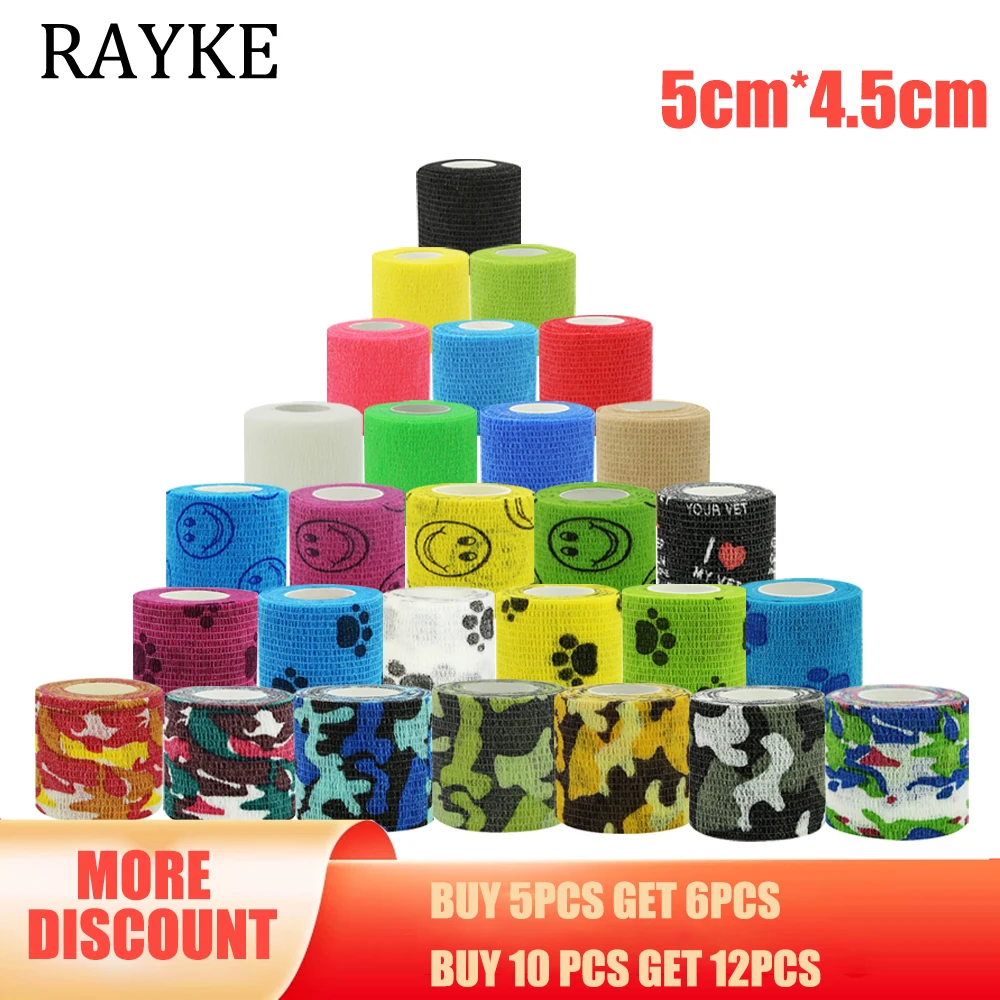 1 шт. одноразовая самоклеящаяся лента для татуировки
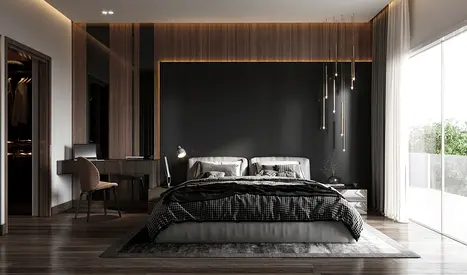 High ROI - smart home - premium amenities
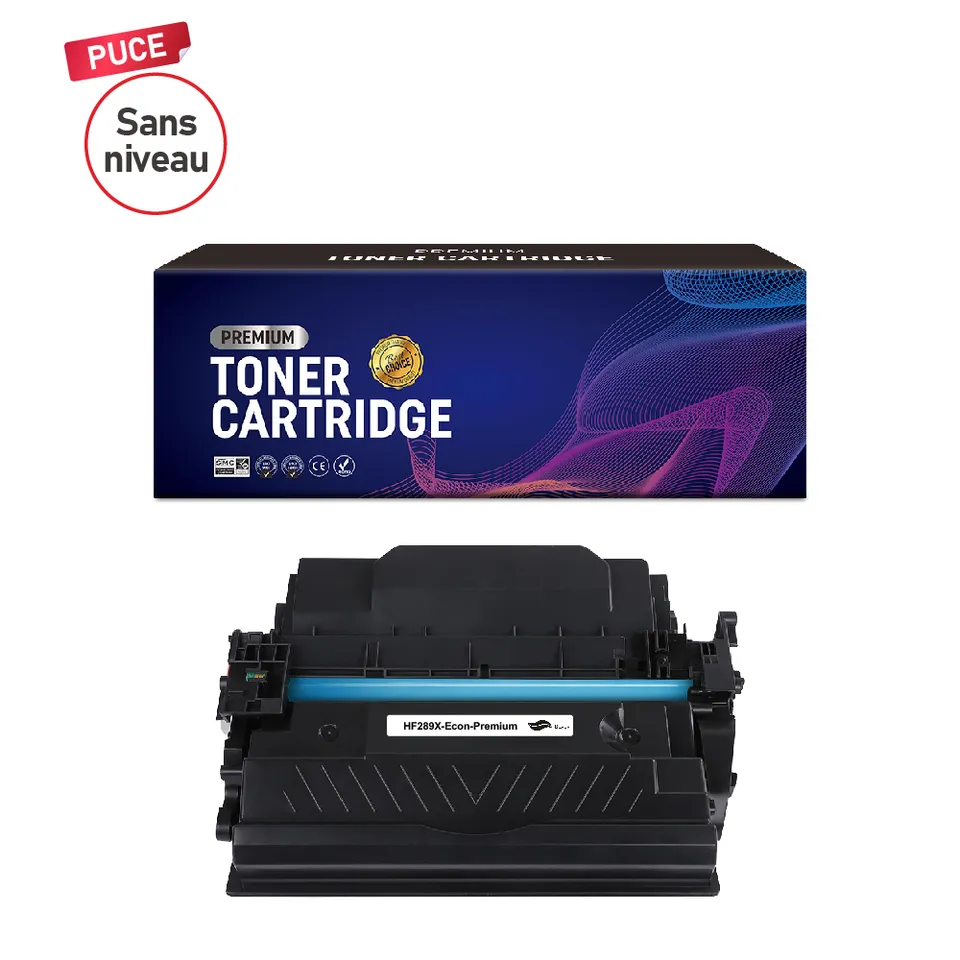 hp-cf289x-89x-cartouche-toner-noir-10000-pages-premium image 1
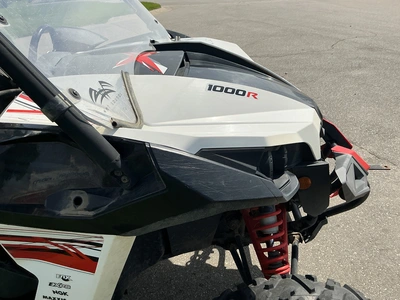 Used 2014 CAN-AM MAVERICK 1000 X RS Utility Vehicles Michigan US | Miedema Asset Management Group #1419342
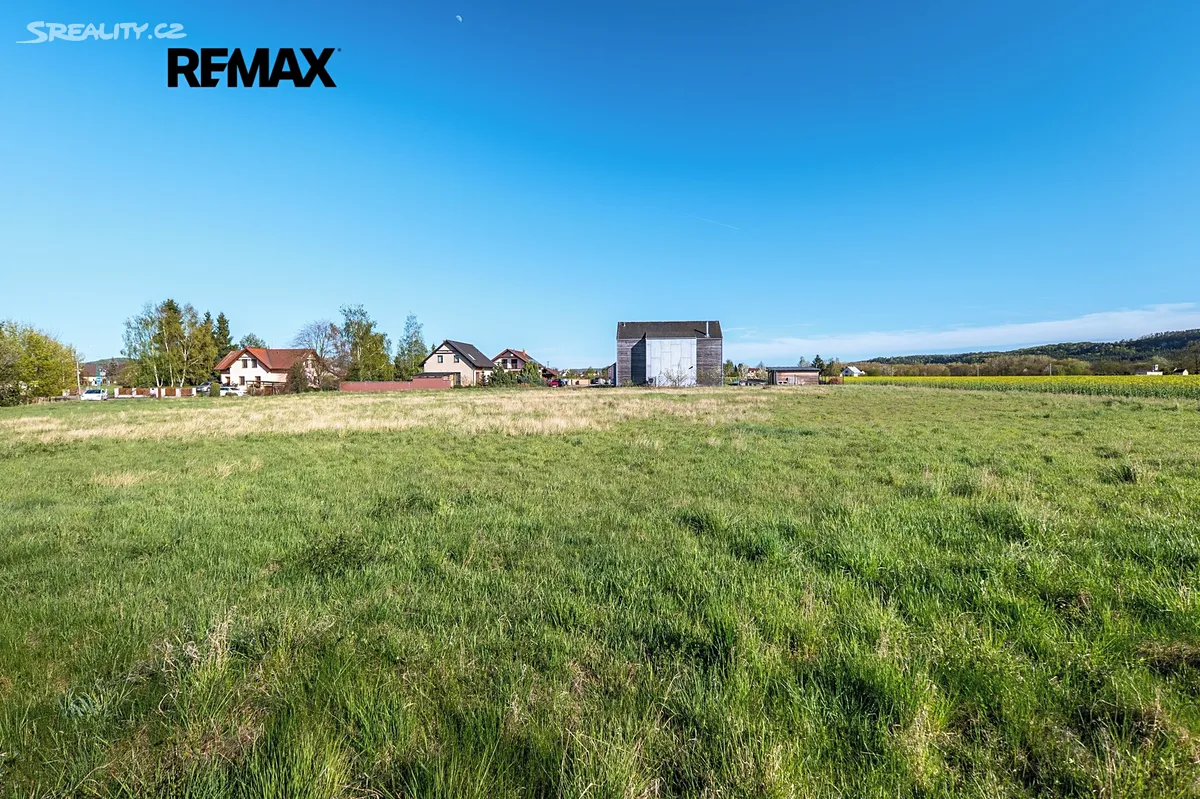 Prodej stavebního pozemku 1128 m², Žďár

************

• [Exercise requirements] Transcribe the entries word for word, without their pictures.

• [Your solution]
 1 шт. одноразовая самоклеящаяся лента для татуировки
 High ROI - smart home - premium amenities
 hp-cf289x-89x-cartouche-toner-noir-10000-pages-premium image 1
 Used 2014 CAN-AM MAVERICK 1000 X RS Utility Vehicles Michigan US | Miedema Asset Management Group #1419342
 Prodej stavebního pozemku 1128 m², Žďár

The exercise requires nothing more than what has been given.